> [To do]: Two lines mark the range in the entries below: the one holding "Roc Nation Sports's banner" and the one holding "CORSAIR Gaming MousePad". Set down those two and all lines between them, exactly.

> [Material provided]:
>>

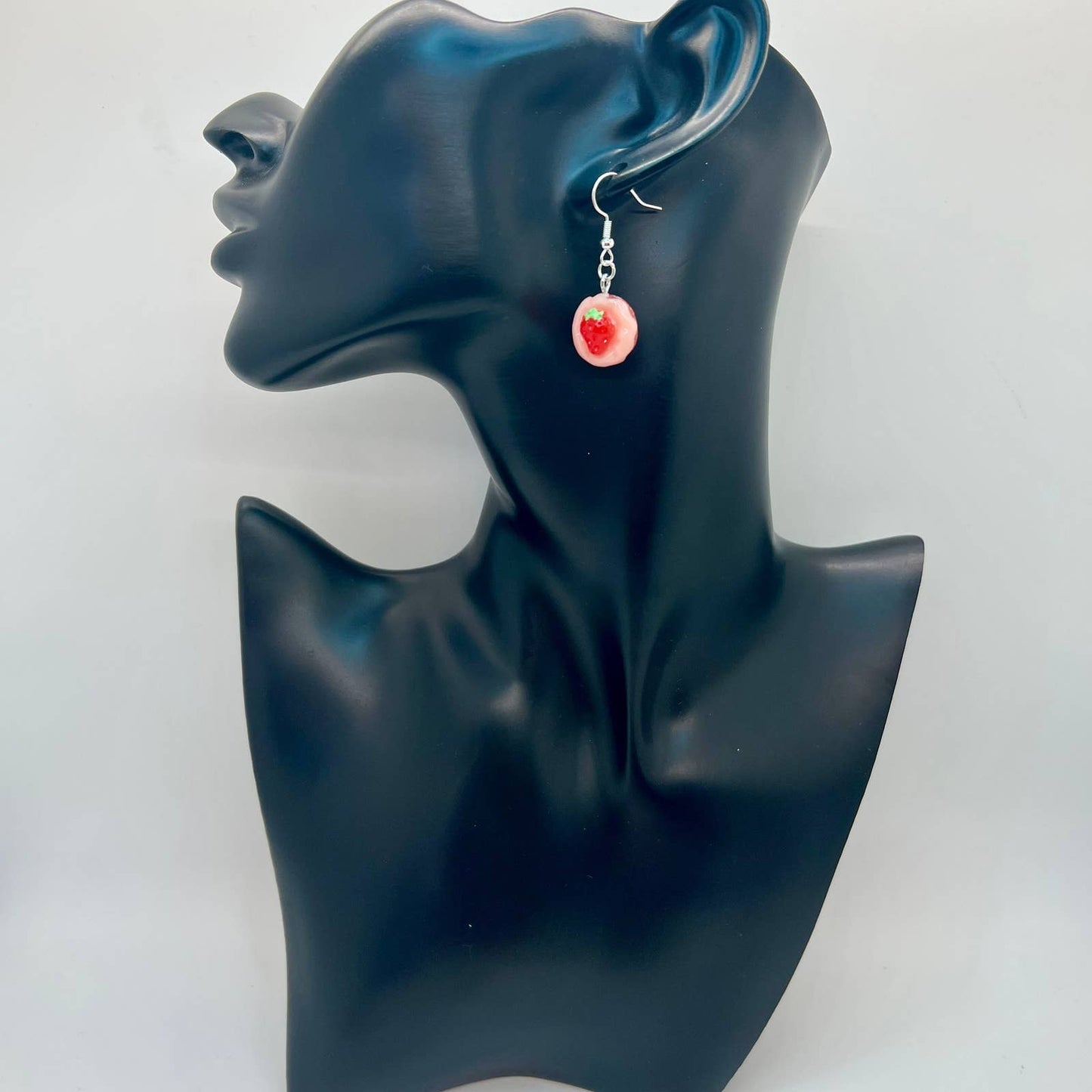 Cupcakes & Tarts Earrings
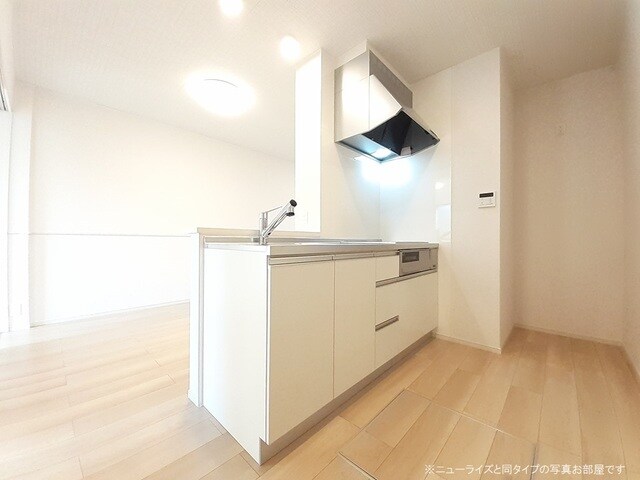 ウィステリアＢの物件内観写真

<<
>>

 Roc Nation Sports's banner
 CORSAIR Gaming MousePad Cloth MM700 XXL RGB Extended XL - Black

<<
>>

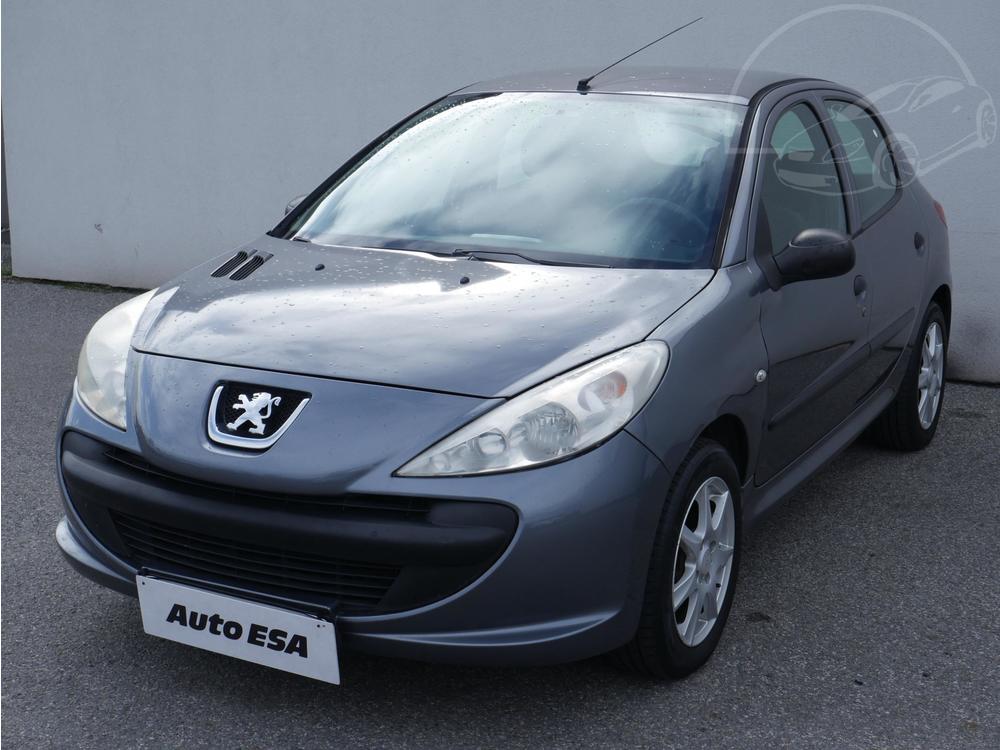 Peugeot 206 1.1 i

<<

> [Answer box]:
 Roc Nation Sports's banner
 CORSAIR Gaming MousePad Cloth MM700 XXL RGB Extended XL - Black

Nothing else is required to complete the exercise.